Between subjects (I am comparing one person to another)
- This phrase means that some people in your study do one thing and the other people in your study do a different thing (everyone does not do everything)
- You are comparing Person 1 (or Group 1) to Person 2 (or Group 2)
Comparing heart rate (DV) in runners versus non-runners-> Usually considered cross-sectional
Within subjects (I am comparing one person to themselves)
- This phrase means that you have everyone do everything in your study.
- You compare Person 1 t time 1 to Person 1 at time 2, etc
- This is “stronger” because no one is a better control for you than you.
Comparing heart rate (DV) before versus after a 1-mile run-> Time passes= typically longitudinal
Experimental design affects your statistical test choice!
Participants are assigned to different groups (either/or, but not both)
- Based on inclusion criteria (to be in the ‘exerciser’ group, you must exercise)
- Based on random assignment (person 1 goes to Group A, person 2 goes to Group B)
Assumes that the measures in each group are independent
- The groups don’t overlap at all
- The people in each group are completely distinct
- You are comparing effects BETWEEN SUBJECTS
We report between-subjects results as DIFFERENCES
(Group A is stronger than Group B, Group A is more depressed than Group B, Group A and B are not different)

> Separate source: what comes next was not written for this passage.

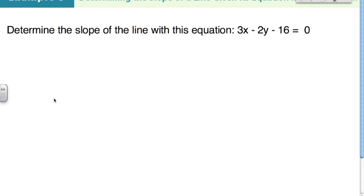We need to determine the slope of a line with the equation in general form. There are two ways to do this. You could graph it by finding the x and y-intercepts like we just did, then count the slope. But there's an easier way.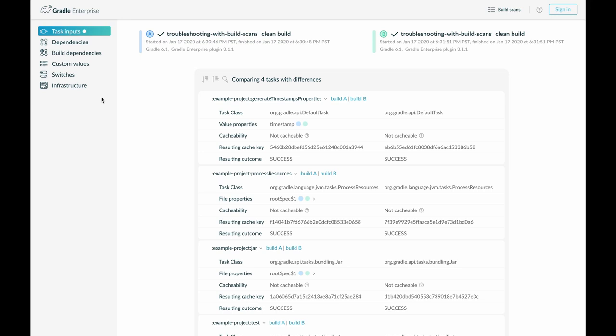Having this metadata allows Cradle Enterprise, for example, to show you which inputs have changed between two build runs. One reason why you might want to know this is to analyze the reproducibility of your build. Another reason is to understand why you are not getting cache hits although you are expecting them.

Experimental design affects your statistical test choice!
- There’s no one more like you than you!
- Participants aren’t assigned to a group, everyone in 1 group
Everyone gets each condition (everyone gets the placebo and the active drug)
The order of the conditions varies (sometimes placebo, then active drug; sometimes the opposite)
Assumes that the measures in each group are dependent
- The groups totally overlap
- The data in both conditions comes from the same people
- You are comparing effects WITHIN SUBJECTS
We report within-subject results as CHANGES
- Depression was reduced by active drug, not placebo
- People drank less after starting exercise
- There was no change in pain related to CBD
IV= categorical, DV = continuous
T-test
- You are comparing groups on how much of something
- Compares means of a single variable between groups
- DV is continuous
- Variance (SD) is important
- Asks: Are the groups different from one another, and if so, is that because of change
Two types of t-test
- Independent (unpaired)= the two samples are distinct
BETWEEN SUBJECTS!
(ex: one group gets meds, one doesn’t)
- Dependent (paired)= the two samples are the same
WITHIN SUBJECTS
(ex: before vs after medication)
Unpaired= BETWEEN, Paired= WITHIN
make sure u know how to do the equation
Unpaired t-test- analyzing drinker vs. non-drinker
Paired t-test- Participants stopped drinking for 1 month between baseline and follow up. Same people in both groups, so the observations are not distinct.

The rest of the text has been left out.